Auch die Meldung von zwei Ordnungswidrigkeiten, wobei es diesbezüglich bei Abmahnungen blieb (ON 3,7), dokumentiert anschaulich, dass sich der Beschwerdeführer nicht einmal in Strafhaft darauf verstand, sich ordnungsgemäß zu führen, und die bisher in Strafhaft zugebrachte Zeit nicht ausgereicht hat, um dem Delinquenten das Unrecht seiner Taten vor Augen zu führen und verhaltenssteuernde Wirkung in Richtung eines deliktsfreien Lebenswandels zu entfalten.
Die bloße Wohnmöglichkeit des Strafgefangenen bei seiner Mutter und die - wenngleich positiv zu bewertenden - Bestrebungen des Strafgefangenen, eine Ausbildung als Tischler absolvieren zu wollen und einen nicht bescheinigten Arbeitsplatz bei der Gemeinde am Bauhof zu haben, sind nicht geeignet, der bedingten Entlassung zumindest gleiche Wirksamkeit wie dem weiteren Vollzug attestieren zu können.
Vor dem Hintergrund dieser individualpräventiv negativ geprägten Zukunftsprognose ist auch nicht ersichtlich, mit welchen Maßnahmen nach §§ 50 bis 52 StGB diesem negativen Kalkül wirksam begegnet werden könnte.
Wenngleich der Rechtsmittelsenat nicht unberücksichtigt lassen will, dass sich Jugendliche und junge Erwachsene notorisch in einem ständigen Entwicklungsprozess befinden und sie daher nicht ausschließlich an früheren Verfehlungen zu messen sind, und erste Anzeichen positiver Entwicklung Beachtung finden sollen, so wäre es im vorliegenden Fall angesichts einer aus den Taten hervorgehenden gewissen Verfestigung krimineller Energie verfrüht, bereits von einer in Gang gesetzten Verhaltensänderung auszugehen.

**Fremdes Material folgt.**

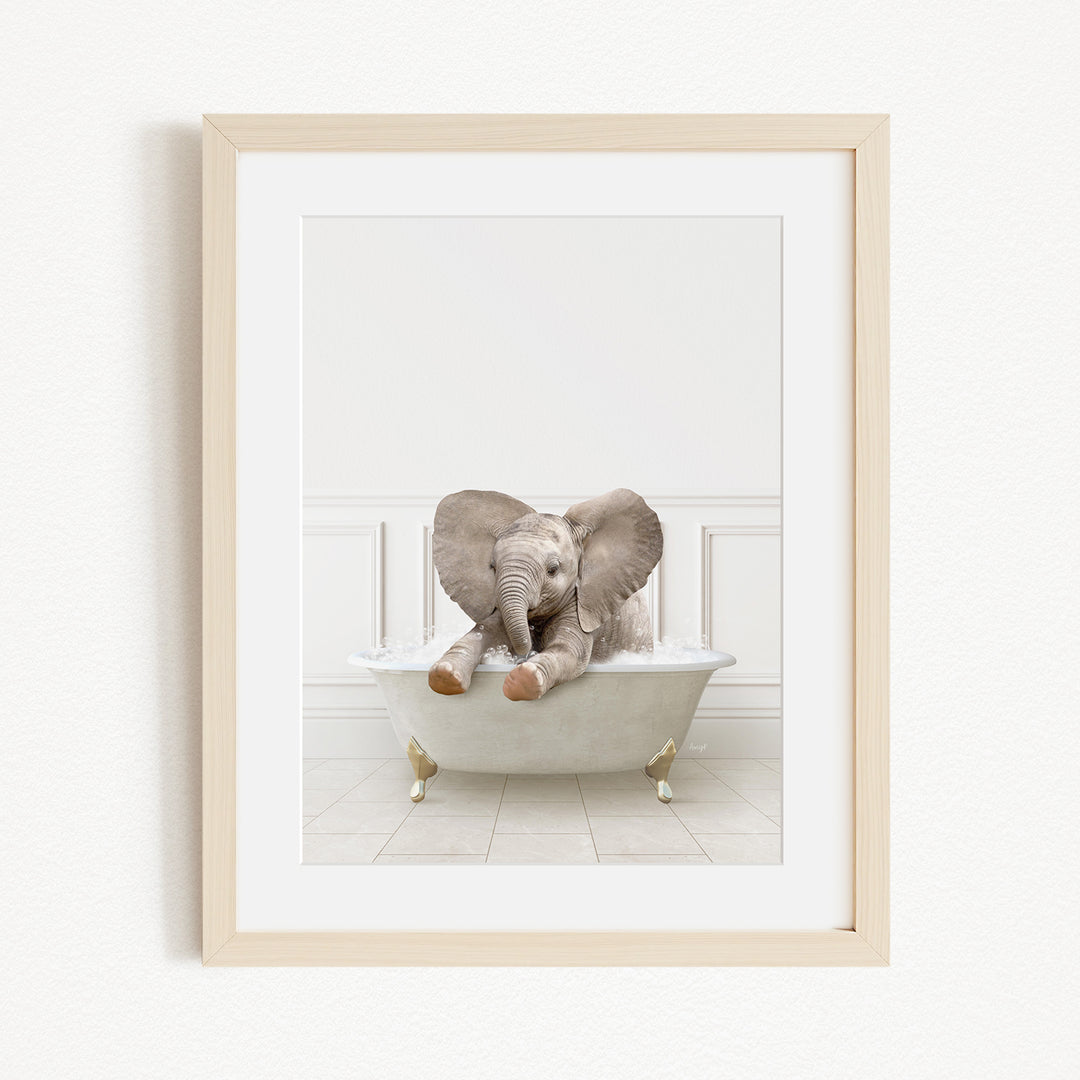 A baby elephant sitting in a white bathtub, with its trunk raised and ears spread out, creating a playful and whimsical scene.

All dies spricht jedoch gegen die in § 46 Abs 1 StGB für die bedingte Entlassung geforderte Annahme, der Strafgefangene würde durch die bedingte Entlassung nicht weniger als durch die weitere Verbüßung der Strafe von der Begehung strafbarer Handlungen abgehalten.
Da aufgrund der Aktenlage nicht anzunehmen war, das eine Anhörung die Entscheidungsgrundlage wesentlich verändert hätte (Pieber, WK 2StVG § 152a Rz 1) und der Strafgefangene seine Anhörung beim Erstgericht nicht beantragte, konnte die Anhörung zu Recht unterbleiben.
Der bekämpfte Beschluss entspricht sohin der Sach und Rechtslage, weshalb der dagegen erhobenen Beschwerde ein Erfolg zu versagen ist.